Six quick tips to start making your data FAIR

01-02-2018 5 min read

This is an update of a previous blog post which listed four quick and easy tips. We have updated the old tips and added 2 new tips at the end of the post.

Making your data “FAIR” is something you hear more and more. In the age of creating large volumes of data and a variety of data types, and after experiencing data management difficulties when running large-scale projects, researchers realized that making their data Findable, Accessible, Interoperable, and Reusable is becoming a necessity.

So you want to follow the best practices for data management and want to make your data FAIR. Where do you start? With these six quick and easy tips you can start your FAIR journey today.

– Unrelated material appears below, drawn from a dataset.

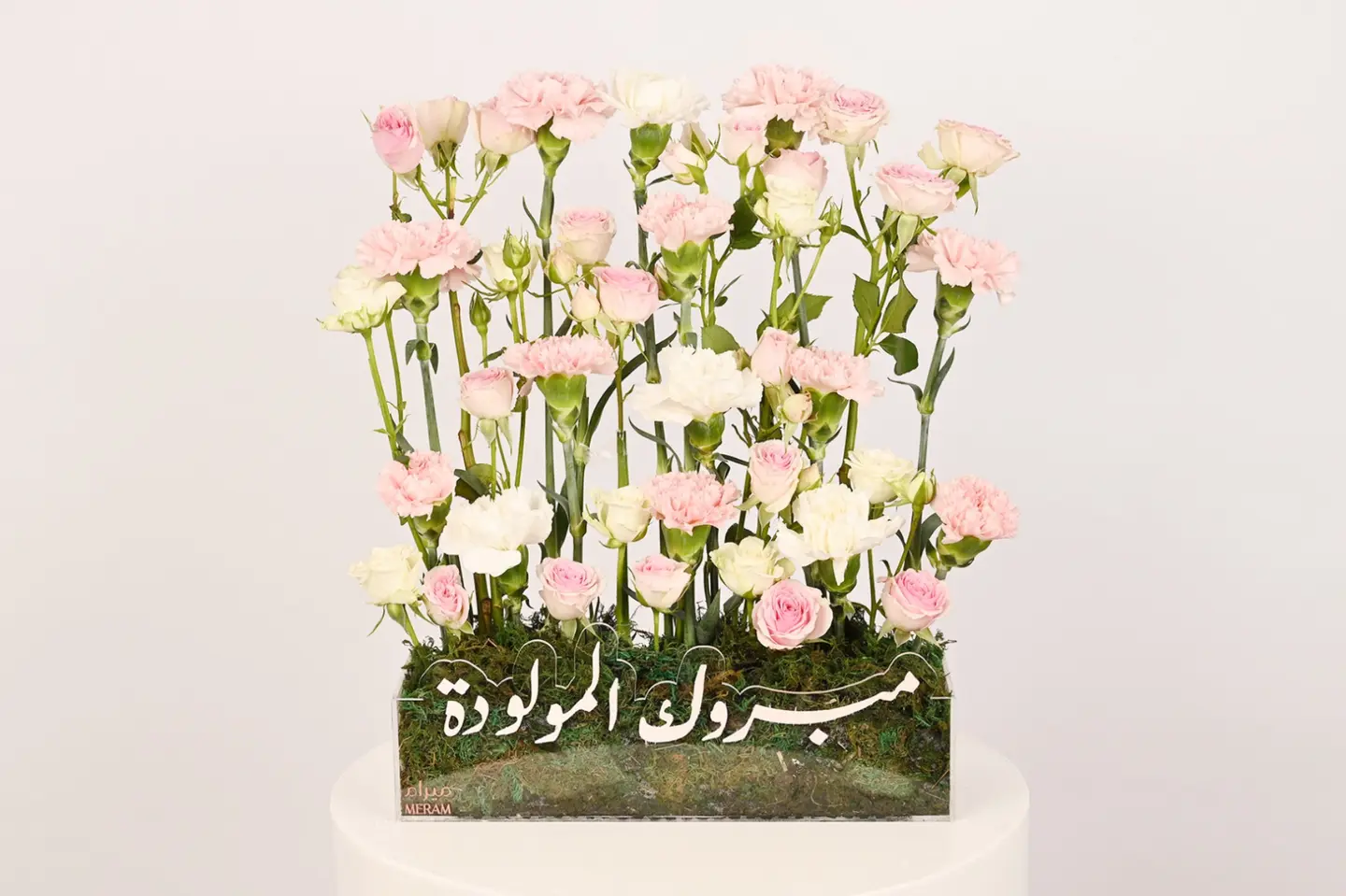 تقديمه مبروك المولوده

Describe the origin of your dataset in the metadata

A lot of datasets lack a description of their origin. Where is the data created? How? and by whom? Is the data processed? Or is it the raw dataset?

These are important questions for other researchers that need to be answered before they can actually use your data for their own research. A genomic dataset that is created with the Illumina Next Generation Sequencing platform is different from one that is created with a Roche sequencer. Maybe your pipeline is only compatible with a specific machine.

Describing this in the metadata, a file that contains all the information about your dataset (so basically data about your data), will greatly help others with filtering on relevant and usable datasets. A good example to store this information is a “readme file” which you add to your dataset.

Describe the purpose of your dataset in the metadata

Why was (or is) this dataset created? What was your goal when you created this dataset?

A lot of datasets are created for a single purpose. FAIRifying your data ensures that you start thinking about other possible purposes or applications for your data. Maybe while thinking about these purposes, you can think of someone who can also benefit from your data? Sharing is caring.

Add license if needed

Is your data freely available for use? For what purposes can it be used? Maybe you do not want it to be used for a publication, but it can still help other researchers narrow down their search field.

Or maybe you want to get something in return for the use of your dataset. By adding a license to your data, you ensure that no one can legally use your data for purposes for which it is not intended. can legally use your data for purposes for which it is not intended.

Some examples of these licenses are:

Public Domain Dedication and License (PDDL) — “Public Domain for data/databases”
Attribution License (ODC-By) — “Attribution for data/databases”
Open Database License (ODC-ODbL) — “Attribution Share-Alike for data/databases”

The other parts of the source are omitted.